[D.R. HORTON, INC. LETTERHEAD]
February 21, 2012
VIA FEDERAL EXPRESS DELIVERY AND EDGAR
Mr. Rufus Decker
Accounting Branch Chief
United States Securities and Exchange Commission
Division of Corporation Finance
100 F. Street, N.E.
Washington, D.C. 20549
Re: | D.R. Horton, Inc. | |
Form 10-K for the Year Ended September 30, 2011 | ||
Filed November 17, 2011 | ||
Form 10-Q for the Period Ended December 31, 2011 | ||
Filed January 27, 2012 | ||
File No. 1-14122 |
Dear Mr. Decker:
On behalf of D.R. Horton, Inc. (the “Company”), I am writing in response to your letter dated February 8, 2012, setting forth comments of the staff of the Division of Corporation Finance (the “Staff”) of the Securities and Exchange Commission (the “Commission”) with respect to the above-referenced filings for the Company. For your convenience, the full text of each of the Staff’s comments is reproduced below together with the Company’s responses thereto.

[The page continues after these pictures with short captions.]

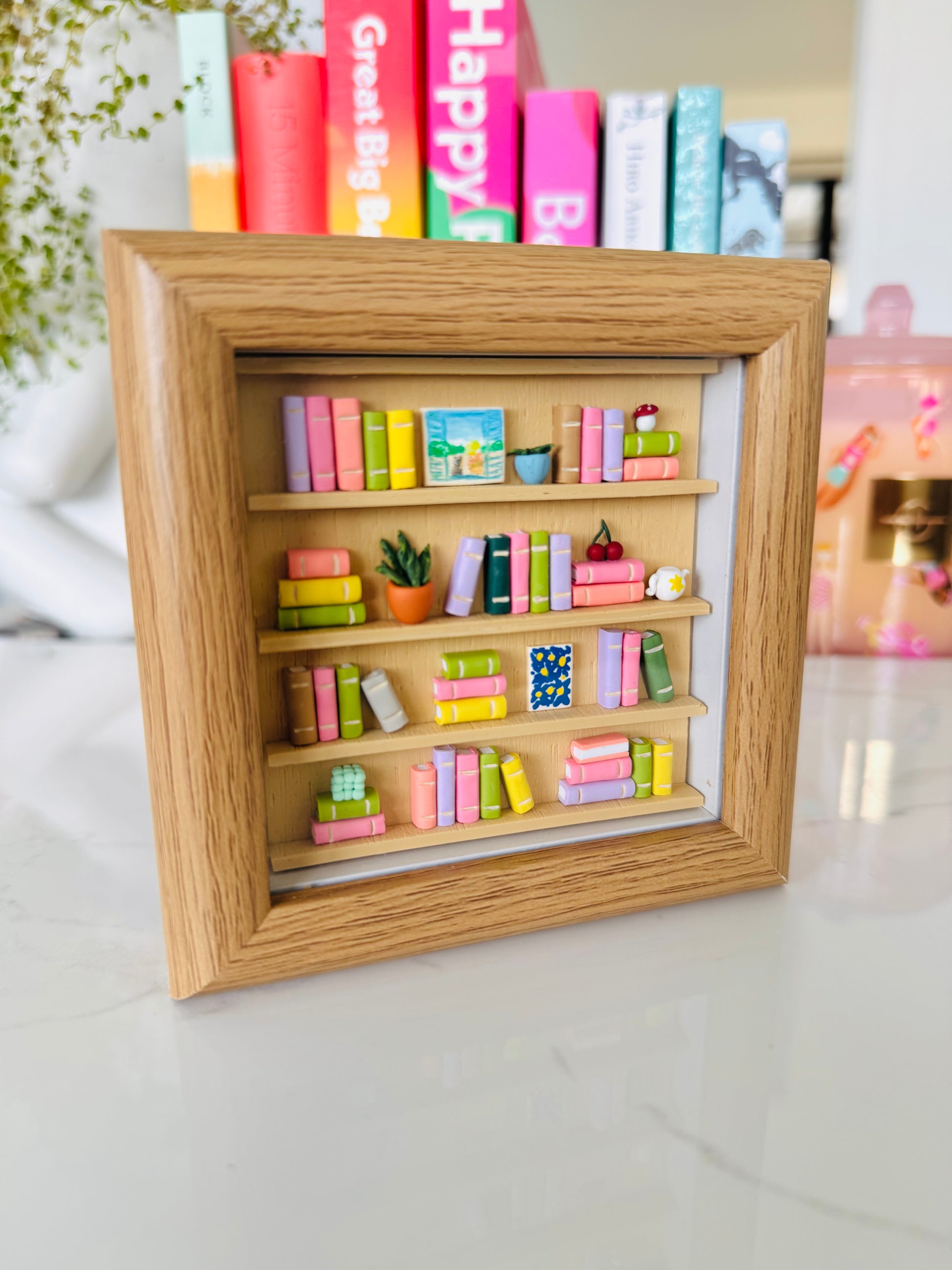 Handmade miniature books polymer clay art framed for wall or desk decor NZ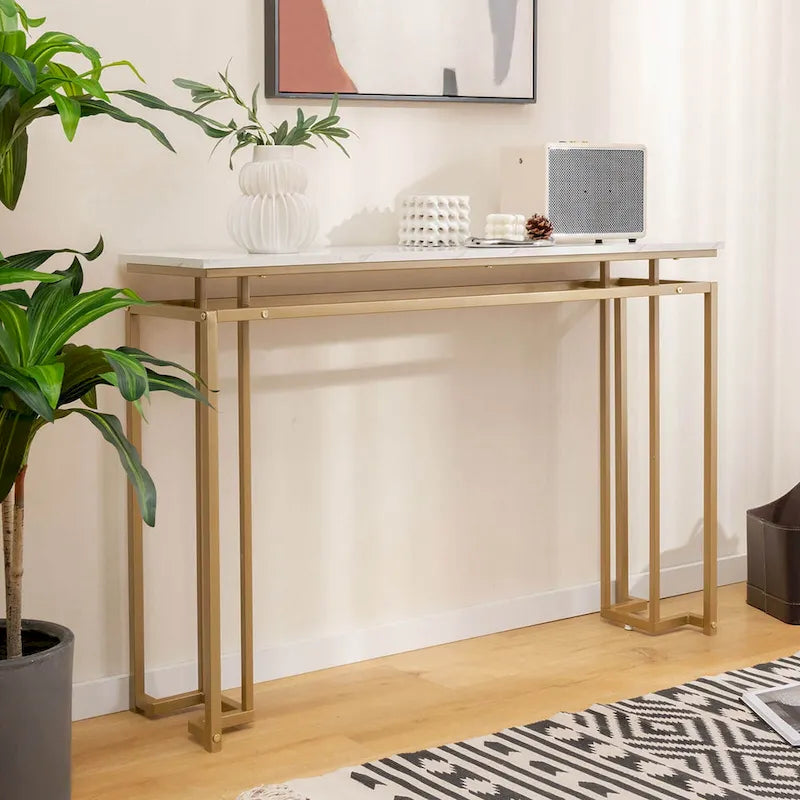 Console moderne pour entrée avec plateau en faux marbre de 47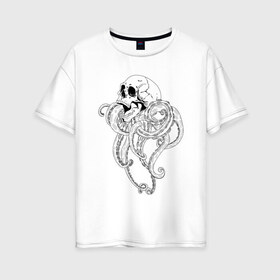 Женская футболка хлопок Oversize с принтом Череп с щупальцами в Белгороде, 100% хлопок | свободный крой, круглый ворот, спущенный рукав, длина до линии бедер
 | skull | осьминог | череп | черепок | черепушка | щупальца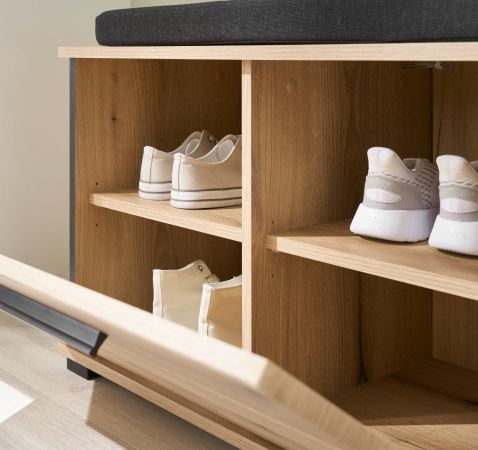 Garderobe Set 3-teilig Design-D in Evoke Eiche 80 x 200 cm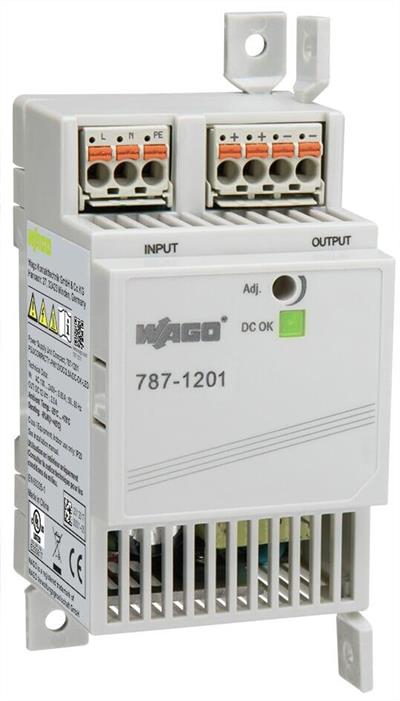 WAGO 787-1201 Anahtarlamalı Mod Güç Kaynağı Kompakt 1 Fazlı 12VDC Çıkış Gerilimi 2.5A Çıkış Akımı DC-OK LED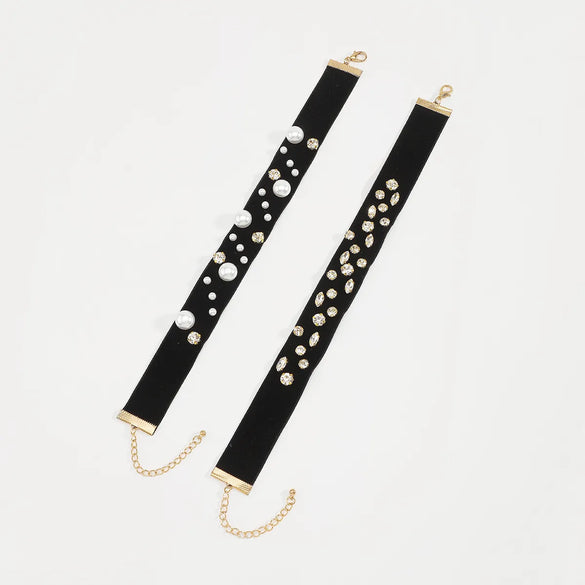 Wholesale Jewelry Modern Style Sweet Simple Style Pearl Rhinestone Flannel Iron Choker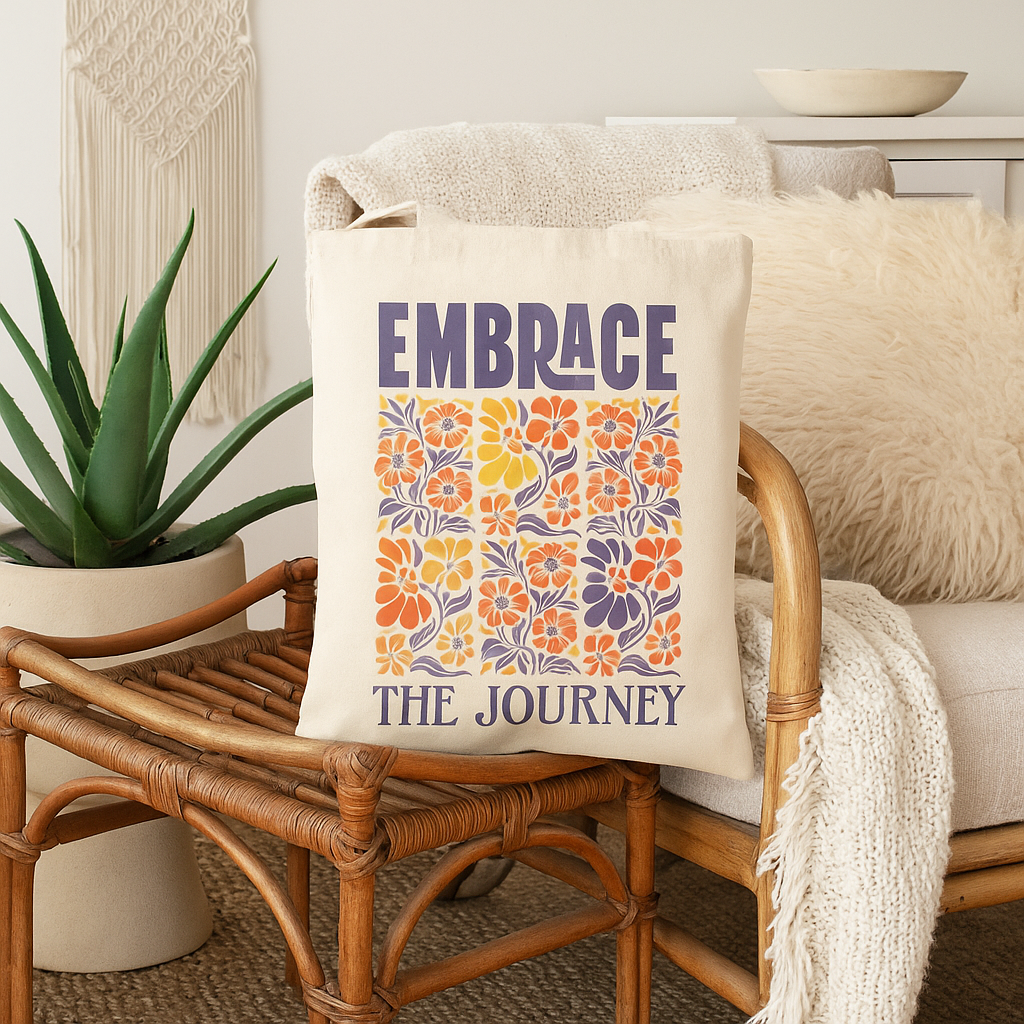 Embrace the Journey – Inspirational Cotton Canvas Tote Bag with Floral Art
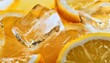 © Oleh Marchak - Closeup view of natural lemon juice served with ice cubes and fresh lemon slices in a refreshing setting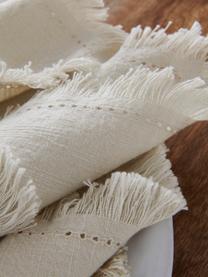 Serwetka z bawełny z frędzlami Hilma, 2 szt., 100% bawełna, Beżowy, S 45 x D 45 cm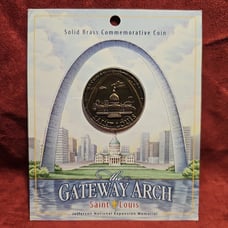 Solid Brass Coin Saint Louis Gateway Arch MO with Thomas Jefferson on Back - NEW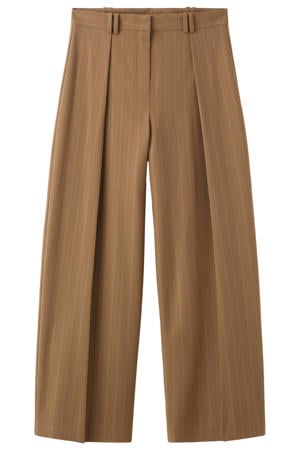 wide leg high waist pantalon met krijtstreep bruin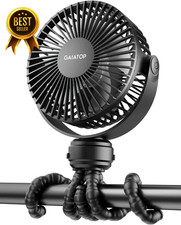 Mini Portable Stroller Fan Clip On 3 Speed Rechargeable 360 Rotate Black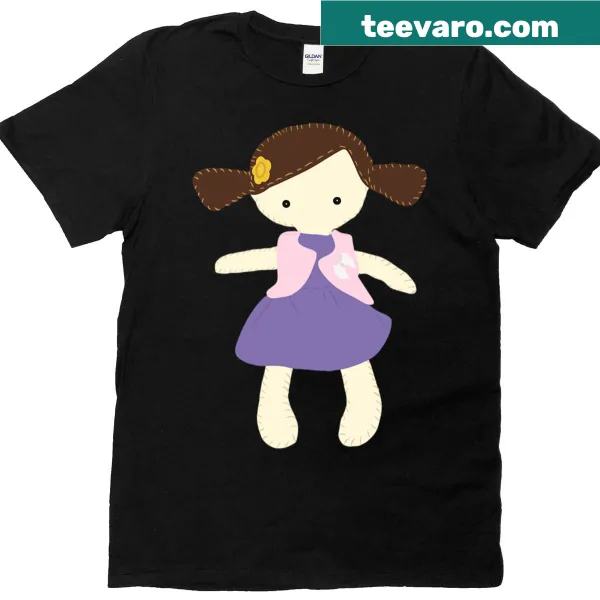 Adorable oversized T-shirt featuring a cute girl doll graphic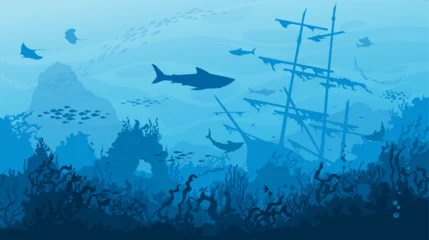 Fotobehang Sunken sail ship, sharks and fish shoals on underwater landscape silhouette. Sea water waves and ocean coral reef bottom vector background with marine animals, seaweeds and old sailing boat © Vector Tradition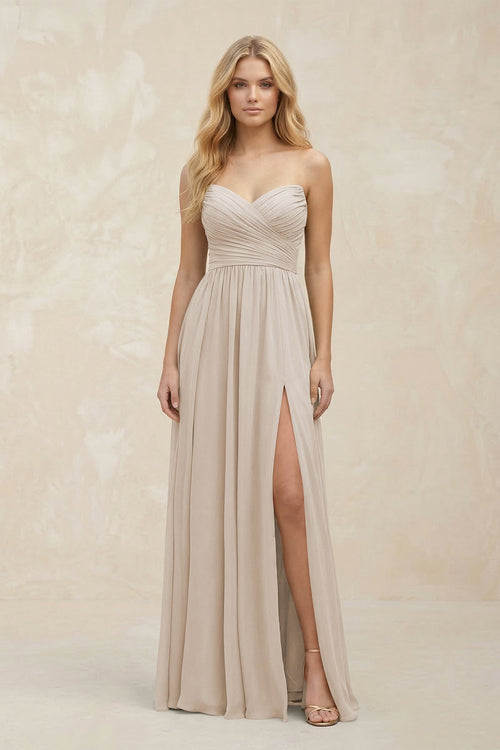 A - Line Sweetheart Pleated Chiffon Bridesmaid Dress in Frost - KissProm Bridesmaid Dresses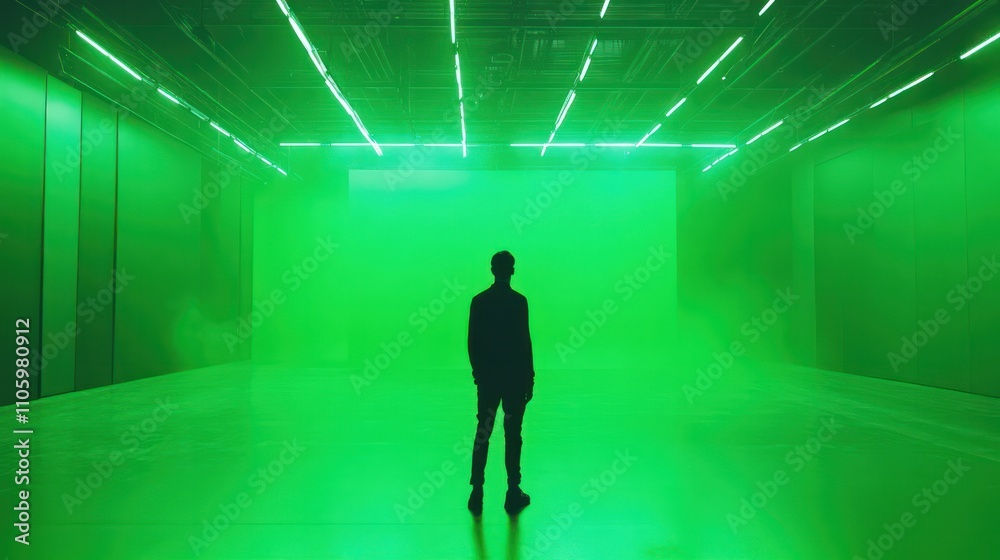 An individual embracing metropolitan living, set on a sleek green screen for contemporary visuals An individual embracing metropolitan living, set on a sleek green screen for contemporary visuals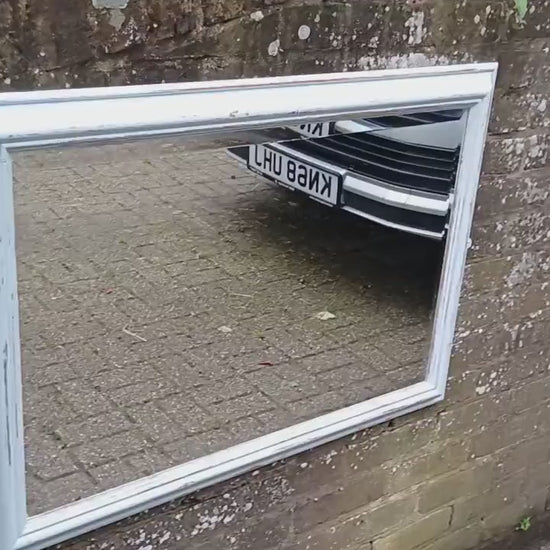Large Vintage Painted Shabby Chic Wall or Over Mantel Mirror Bespoke Upcycled. Farrow and Ball Light Blue Grey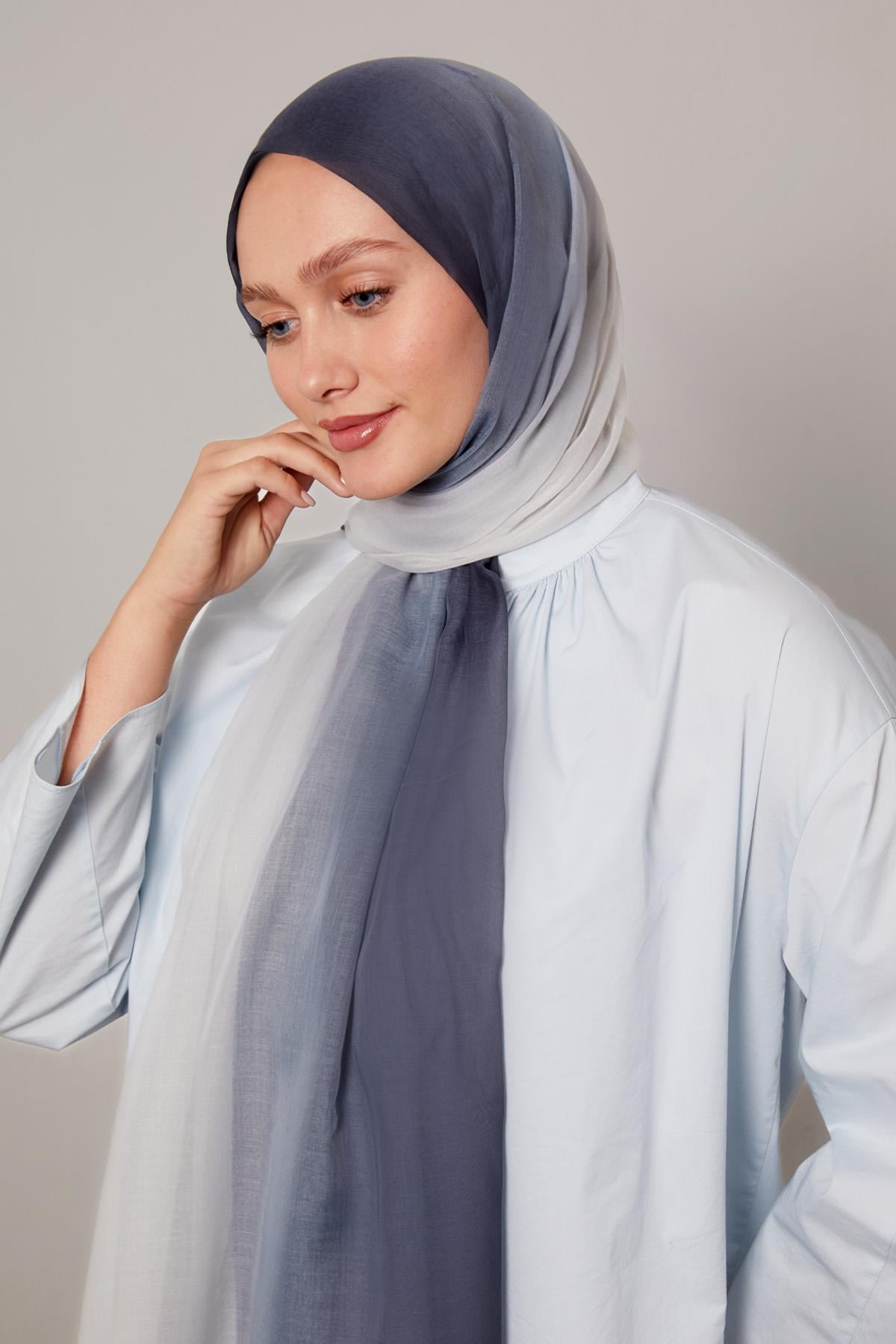 Fivescarf A.Gri Geçişli Comfort Şal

FORM 10-K FOR THE YEAR ENDED SEPTEMBER 30, 2011
Financial Statements
Statements of Operations and Comprehensive Income (Loss), page 63
1. | In future filings, please revise your statements of operations to clearly present net income attributable to the parent and the noncontrolling interest. Please clearly label net income (loss) attributable to D.R. Horton common shareholders. Refer to FASB ASC 810-10-55-4J for additional guidance. Please also similarly revise your statement of cash flows all periods presented, as necessary to present net income (loss) appropriately. |
Securities and Exchange Commission
February 21, 2012
Page 2
Response: In our Form 10-K for the year ended September 30, 2011, we presented noncontrolling interests in our consolidated balance sheets of $2.9 million and $9.7 million at September 30, 2011 and 2010, respectively. As disclosed in our fiscal 2011 filings, we adopted the FASB’s revised guidance regarding the determination of a primary beneficiary of a variable interest entity at the beginning of fiscal 2011. The adoption of the revised guidance resulted in the deconsolidation of all of our variable interest entities which reduced land inventory not owned and noncontrolling interests in our consolidated balance sheets by $7.6 million during the first quarter of fiscal 2011. For fiscal years 2011, 2010 and 2009 our net income (loss) attributable to noncontrolling interests was ($0.8) million, $0.2 million and $3.0 million, respectively. The net income (loss) attributable to noncontrolling interests is a result of the operating activity of various joint ventures, only one of which remained active during fiscal 2011. Because the net income attributable to our noncontrolling interests is not material, we do not believe it is necessary to revise our future filings.
Note J – Employee Benefit Plans, page 86
Performance Unit Plan, page 88
2. | We note that during the fourth quarter of fiscal 2011, the Compensation Committee exercised its discretion and reduced the amount earned under the 2008 performance grant. Please tell us the amount by which the award was reduced and the resulting impact to your results of operations and address the need to disclose this information in future filings. |
Response: The performance period for the 2008 performance unit plan ended on September 30, 2010. During the first quarter of fiscal 2011, the Compensation Committee exercised its discretion and reduced the amount earned under the 2008 performance unit plan. The reduction of the award happened before our Form 10-K for fiscal 2010 was filed and the impact was included in our results for fiscal 2010. The following paragraph is the related disclosure from our Form 10-K for fiscal 2010:
“Subsequent to September 30, 2010, the Compensation Committee exercised its discretion and reduced the amount earned under the 2008 performance unit grant to $4.9 million and expects to limit the amount which may be earned under the 2009 performance unit grant to approximately $4.1 million. The liability related to the 2008 and 2009 performance unit grants was $9.0 million and $11.3 million at September 30, 2010 and September 30, 2009, respectively. Compensation expense (benefit) related to these grants were ($2.3) million and $7.7 million for fiscal 2010 and 2009, respectively.”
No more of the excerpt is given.